It should be understood that the preset number of cluster categories may be set according to actual requirements, and is usually set to be an integer greater than 1, and the preset number of cluster categories is not specifically limited herein.

It should be noted that, in practical applications, the terminal device may generally adopt a k-means clustering algorithm (a k-means clustering algorithm for short), perform clustering processing on feature vectors corresponding to the full-volume sample data in a vector space corresponding to the full-volume sample data, and find a clustering center of each clustering class after the clustering processing. Of course, in practical applications, the terminal device may also use other clustering algorithms to perform the clustering process, and find the clustering center of each clustering category, and the application does not limit the clustering algorithm used herein.

Step 203: and determining the sampling probability corresponding to the sample data according to the clustering center of the at least one clustering category and the characteristic vector corresponding to the sample data.

After the terminal equipment finishes the clustering processing of the feature vectors corresponding to the full-volume sample data, a coreset core set construction method can be adopted, a coreset core set is constructed based on the clustering center of at least one clustering category obtained through the clustering processing and the feature vectors corresponding to the full-volume sample data, the corresponding sampling probability of each sample data in the full-volume sample data can be determined, and a plurality of sample data are extracted from the full-volume sample data to form the coreset core set based on the sampling probability corresponding to each sample data.

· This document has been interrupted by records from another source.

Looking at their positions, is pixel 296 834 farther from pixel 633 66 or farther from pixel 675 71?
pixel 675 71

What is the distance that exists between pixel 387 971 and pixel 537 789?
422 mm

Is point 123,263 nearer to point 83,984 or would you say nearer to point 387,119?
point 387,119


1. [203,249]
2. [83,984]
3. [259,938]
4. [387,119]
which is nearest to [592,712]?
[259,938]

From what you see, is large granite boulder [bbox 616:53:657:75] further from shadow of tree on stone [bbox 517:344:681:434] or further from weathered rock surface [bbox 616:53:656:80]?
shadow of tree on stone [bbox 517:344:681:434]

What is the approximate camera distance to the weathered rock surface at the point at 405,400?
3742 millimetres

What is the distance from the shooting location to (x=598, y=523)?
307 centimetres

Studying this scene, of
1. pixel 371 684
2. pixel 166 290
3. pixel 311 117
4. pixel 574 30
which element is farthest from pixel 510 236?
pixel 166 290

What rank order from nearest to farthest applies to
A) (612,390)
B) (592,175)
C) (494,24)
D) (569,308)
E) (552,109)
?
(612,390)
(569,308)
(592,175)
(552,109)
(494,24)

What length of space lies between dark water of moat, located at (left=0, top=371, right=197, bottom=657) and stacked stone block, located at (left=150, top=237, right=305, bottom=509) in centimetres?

When the corresponding sampling probability of a certain sample data in the full sample data is determined, the cluster type of the sample data can be determined firstly, and the number of the sample data in the cluster type is counted; then, determining the distance between the sample data and the clustering center of the clustering class to which the sample data belongs as the distance corresponding to the sample data, and determining the distances between other sample data in the clustering class to which the sample data belongs and the clustering center as the respective distances corresponding to other sample data in the clustering class; and then, determining the sensitivity corresponding to the sample data according to the distance corresponding to the sample data, the distances corresponding to other sample data in the cluster type to which the sample data belongs, the number of the sample data included in the cluster type to which the sample data belongs and the number of the sample data in the full-amount sample data. Thus, the sensitivity corresponding to each sample data in the full sample data is determined according to the method. And then, according to the sensitivity corresponding to the sample data and the sensitivity corresponding to each full sample data, calculating the sampling probability corresponding to the sample data.

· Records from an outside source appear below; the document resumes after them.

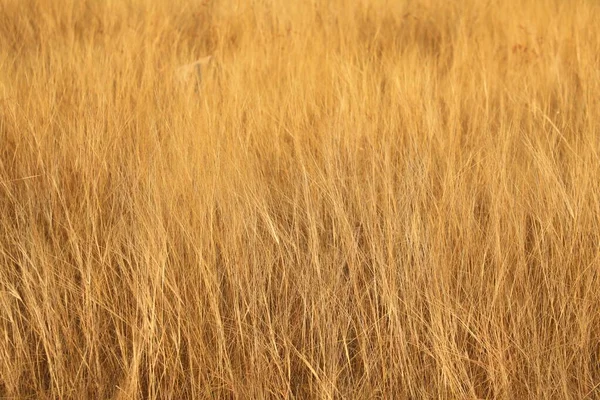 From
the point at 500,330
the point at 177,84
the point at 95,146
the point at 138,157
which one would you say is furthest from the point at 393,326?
the point at 177,84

More specifically, when determining the corresponding sensitivity of a sample data in the full sample data, the class weight may be determined according to the preset number of cluster classes; determining the distance corresponding to each sample data in the full sample data, namely determining the distance between the feature vector corresponding to each sample data and the clustering center of the clustering class to which the feature vector belongs; then, calculating a distance normalization value according to the distance corresponding to the full sample data and the number of the sample data contained in the full sample data; and then, determining the sensitivity corresponding to the sample data according to the distance corresponding to the sample data, the distances corresponding to other sample data in the cluster type to which the sample data belongs, the number of the sample data in the cluster type to which the sample data belongs and the number of the sample data in the full amount of sample data by combining the class weight and the distance normalization value.

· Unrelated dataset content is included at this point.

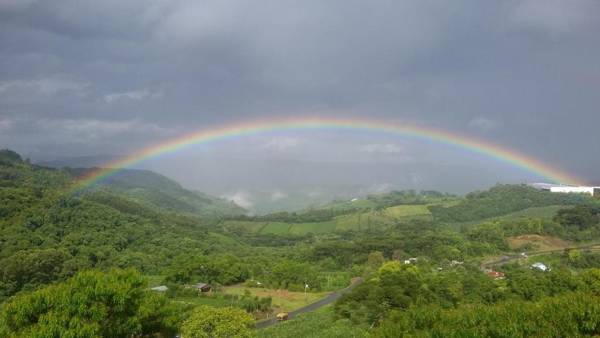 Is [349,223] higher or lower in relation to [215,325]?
lower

In the above, the distance between the sample data and the cluster center of the cluster category to which the sample data belongs is generally referred to as the euclidean distance.

In order to further understand the implementation manner of determining the sampling probability p (x) corresponding to the sample data, the process of calculating the sampling probability p (x) is described below with reference to a specific calculation formula.

1. The class weight is calculated by equation (1):

α＝16(log(k+2)) (1)

wherein α is the class weight, and k is the preset cluster class number.

2. Constructing a set B corresponding to each cluster type; b is_iCharacterizing the set corresponding to the ith cluster class, which includes the feature vectors belonging to cluster class i, B_iCan be noted as b_i。

3. Calculating a distance normalization value by equation (2):

wherein, c_φIs a distance normalization value; x represents a set of characteristic vectors corresponding to the full-amount sample data, and | X | represents the number of sample data included in the full-amount sample data; x represents one sample data in the full sample data, and d (x, B) represents the distance between the feature vector corresponding to the sample data x and the cluster center of the cluster category to which the feature vector belongs.

4. For each sample data, calculating its corresponding sensitivity by equation (3):

wherein s (x) represents the sensitivity corresponding to the sample data x; b is_iRepresents the cluster type, | B, to which the feature vector corresponding to the sample data x belongs_iI represents the clustering class B_iThe number of sample data included.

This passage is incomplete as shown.